Il palmento di Ciminà, dotato di una croce giustinianea, è stato presentato in greco di Calabria dal Prof. Pasquale Casile, mentre quello di Santacaterina dello Jonio in Italiano da Isa Badolato come pure in italiano quelli di Ferruzzano da me; quindi il video è trilingue.
Arrivato a Tiriolo, più precisamente a Pratora sua frazione, servita meglio del capoluogo dal punto di vista delle vie di comunicazioni, in quanto lambita dall’autostrada che raggiunge Lamezia, cominciai a visitare l’orto di Antonio stesso, osservando la grande biodiversità che egli mi evidenziava di volta in volta.
Su due o tre piante le pere piccole e aromatiche di varietà diverse, erano già terminate o quasi, mentre erano presenti due o tre  piante di giuggioli dai frutti diversamente colorati, diverse varietà di meli invernali, da quelli piccoli e rosseggianti a quelli verdeggianti, di ulivi diversi, con la prevalenza della carolea su tutti.
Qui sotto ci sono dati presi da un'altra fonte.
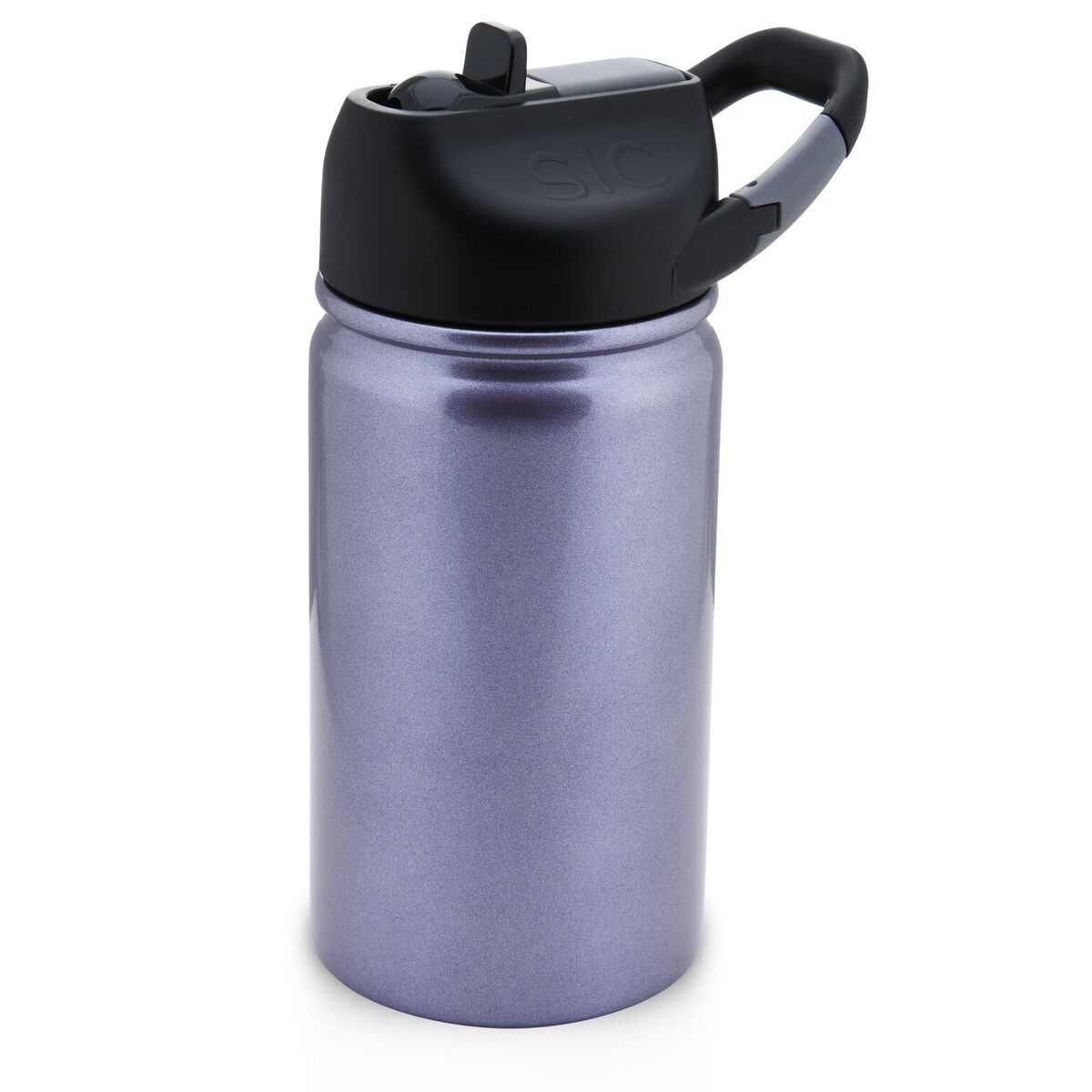 Engraved 12oz Lil SIC Water Bottle Ultraviolet Glitter - SUnny Box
Diverse risultarono le varietà di fichi, stranamente in forte ritardo, dopo che da più di venti giorni erano terminati i fioroni; risultarono interessanti due varietà per me inedite, tra cui una che evidenziava di produrre dei frutti che a maturazione sarebbero diventati leggermente più piccoli dei dottati, ma con la buccia color avana, anziché bianca ed un’altra dai frutti che quasi maturi, evidenziavano un colore verde omogeneo.
Naturalmente erano presenti i catalani che qui erano chiamati natalini in quanto riescono a resistere, gli ultimi , fino alla prima decade di dicembre.
Commentammo assieme il motivo del ritardo dei frutti, nonostante il caldo costante e rovente dai primi di giugno e deducemmo che ciò era avvenuto per la forte escursione termica tra il giorno con temperature altissime e con l’abbassamento notevolissimo della temperatura di notte.
Vidi qualche pianta di mandorlo, di limone, di mandarino e di arancio, qualche pianta esotica e poi arrivammo ai ficodindia posti sui limiti con i vicini e a questo punto Antonio mi presentò la pianta cresciuta da una pala di ficodindia che io gli diedi alcuni anni addietro e contando le impalcature della pianta stabilii, sette anni fa; infatti i ficodindia crescono di un’impalcatura all’anno.
Apparteneva alla varietà Zuccarigna petrisa e io ho perso la varietà in seguito ad un’annata eccessivamente piovosa, quando l’acqua me la portò via; i frutti sembravano vicinissimi alla maturazione.
Al centro del campo c’erano due o tre piante di susine, tra cui la Virdacchia dai frutti ancora molto acerbi e ed una varietà da me non conosciuta, dai frutti piccoli, allungati giallognoli; erano rimasti pochi.
Apparentemente sembravano poco interessanti e poco allentanti e di malavoglia allungai una mano e ne colsi due e trovai che erano molto gustosi, dolcissimi, leggermente aromatici, in definitiva deliziosi.
Chiesi ad Antonio di scattarmi qualche foto con la mia macchinetta poco professionale ed egli lo fece con professionalità.
Colsi altri frutti e oltre a gustarli constatai che essi erano anche spiccagnoli, ossia che il nocciolo si staccava con facilità e rimaneva asciutto.